Lorsque je suis arrivée dans le groupe de Julien, je me suis sentie plus à l’aise face à ces enfants qui s’expriment librement tant corporellement que verbalement. Même si un des garçons du groupe, Mathis, n’a pas accepté ma venue d’emblée (coup de pieds, refus de m’écouter, me ferme la porte au nez, crachat au sol), j’ai su trouver ma place en me référant au cadre et m’appuyant sur les thérapeutes présentes. Etait-ce une manière pour Mathis de tester ma contenance et ma fiabilité ? Allais-je résister à ces « menaces » ? Voyant que malgré tout, je restais solide et présente chaque vendredi, ma présence fut vite acceptée par Mathis et le reste du groupe. A travers mon engagement corporel, ma verbalisation, mes mises en sens et en mots, ma créativité, mes propositions ludiques, mes ajustements (proximité ou retrait), ma contenance, les enfants m’ont repéré en tant que thérapeute, garante du cadre et de leur sécurité physique et psychique.

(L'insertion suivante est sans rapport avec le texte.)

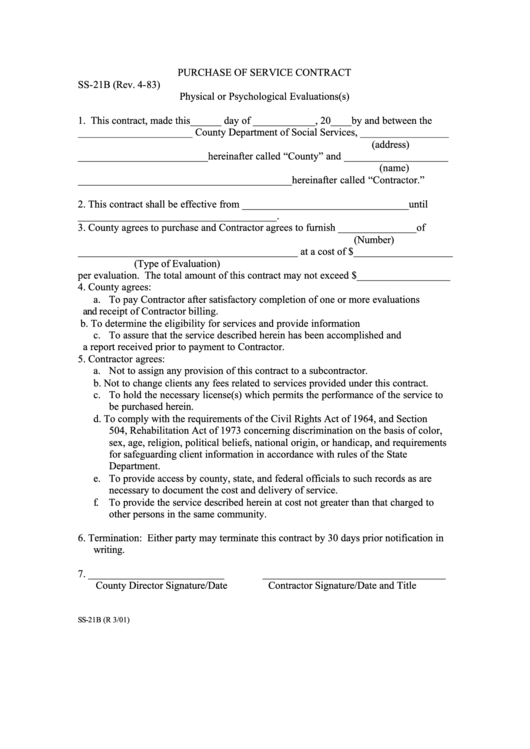 Form Ss-21b - Purchase Of Service Contract Printable pdf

Dans le groupe, je me rends compte qu’il n’est pas évident d’être attentive à ce que vit chacun des enfants. En se focalisant sur un enfant, on peut « louper » certaines choses avec un autre. C’est pourquoi la présence d’au moins deux thérapeutes est privilégiée et me rassure tant au niveau de cette contenance qu’au niveau de possibles débordements. La nouveauté qu’entraîne ma présence, suscite excitations et agitations face auxquelles je me suis parfois trouvée dépassée. Au fil du temps et des expériences, j’ai pu m’adapter et m’ajuster aux diverses situations rencontrées au travers du cadre physique, du cadre psychique, d’un retour éventuel vers l’adulte, mais surtout grâce à l’écoute de mes propres affects.

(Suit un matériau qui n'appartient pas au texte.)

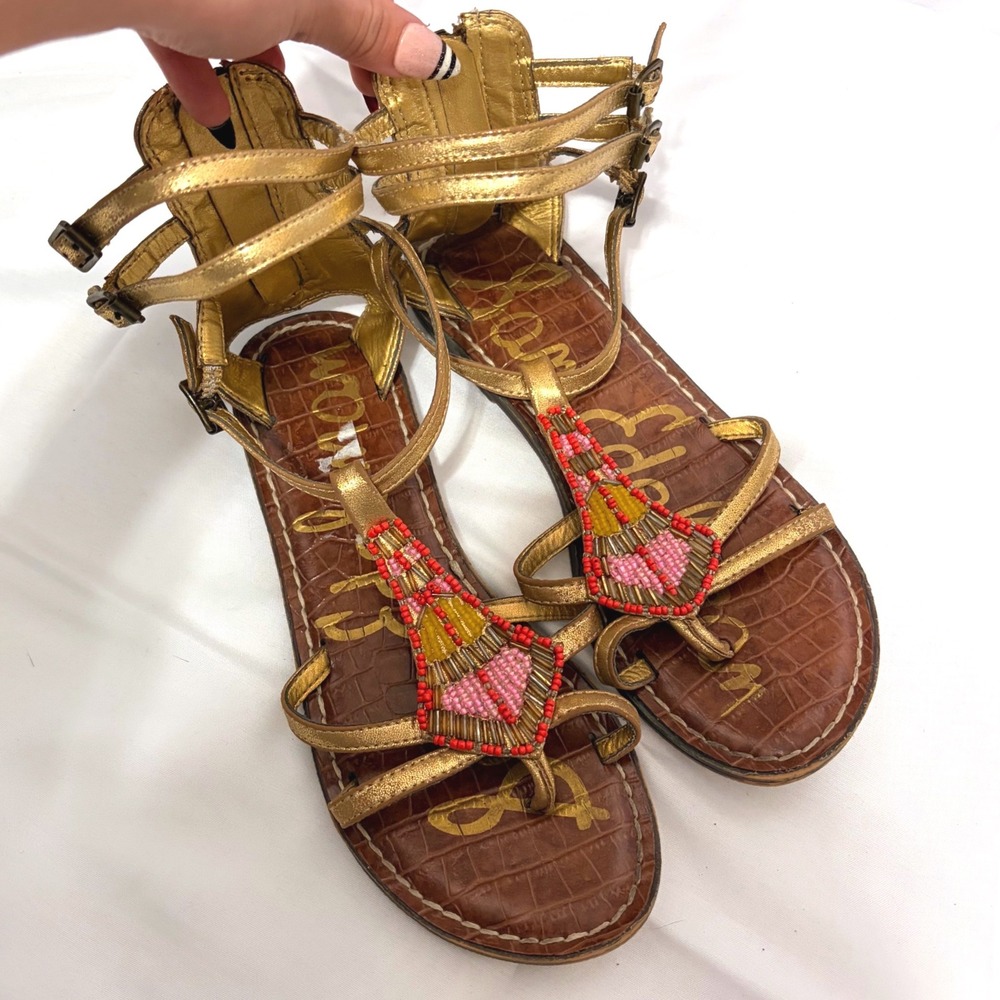 Sam Edelman Y2k Gold Beaded rhinestone Gladiator Sandals Metallic Strappy Boho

C’est maintenant vers Franck et Julien que mon attention va se tourner, ces enfants autistes dont le fonctionnement m’interroge et que je considère comme des énigmes.

Ma première rencontre avec ces deux enfants autistes a suscitée en moi beaucoup de réflexions et d’appréhensions. Comment entrer en contact avec ces enfants qui semblent coupés de l’extérieur (Franck) ? Comment approcher ces enfants pour qui le moindre changement peut entrainer de vives réactions (Julien) ? Qu’est ce que mes mots, mes actes ou encore mon toucher renvoient chez eux (question du transfert) ? C’est une rencontre particulière qui s’opère dans l’ici et maintenant de ces séances. De la même manière que je me suis adaptée au groupe en général, je me suis adaptée (avec plus de temps peut-être) à ces deux enfants autistes.

J’ai alors, tenté de comprendre le fonctionnement de Franck et Julien, afin de m’approcher au plus près du lien existant entre leur corps et leur organisation psychique à chacun. J’ai souhaité rencontrer les enfants dans un premier temps, puis lire leur dossier dans un second temps pour ne pas avoir d’aprioris et partir de mes ressentis pour établir cette première rencontre. Le but n’est pas pour moi de comprendre l’étiologie de leur pathologie autistique mais plutôt d’obtenir une vision plus claire du monde dans lequel ils évoluent et la manière dont ils y évoluent.

Je me suis parfois sentie impuissance face à eux tant ils donnent l’impression d’être prisonniers de leur mal-être, seuls, enfermés dans des activités restreintes, coupés du monde. Alors pourquoi les plonger dans un environnement où leur mal-être est mis à rude épreuve, où le nombre de partenaires est multiplié, où les activités proposées sont diverses et variées, où les émotions peuvent être vivement et rapidement sollicitées ? Dans ces conditions, le sentiment d’existence, déjà précaire, ne risque t’il pas de disparaitre ?

La sensorialité prévalente et les clivages corporels persistants qui ne demandent qu’à être réduits ; l’image du corps évanescente qui ne demande qu’à être permanente ont été, pour moi, des outils importants à repérer afin d’adapter ma position et mes propositions à chaque enfant.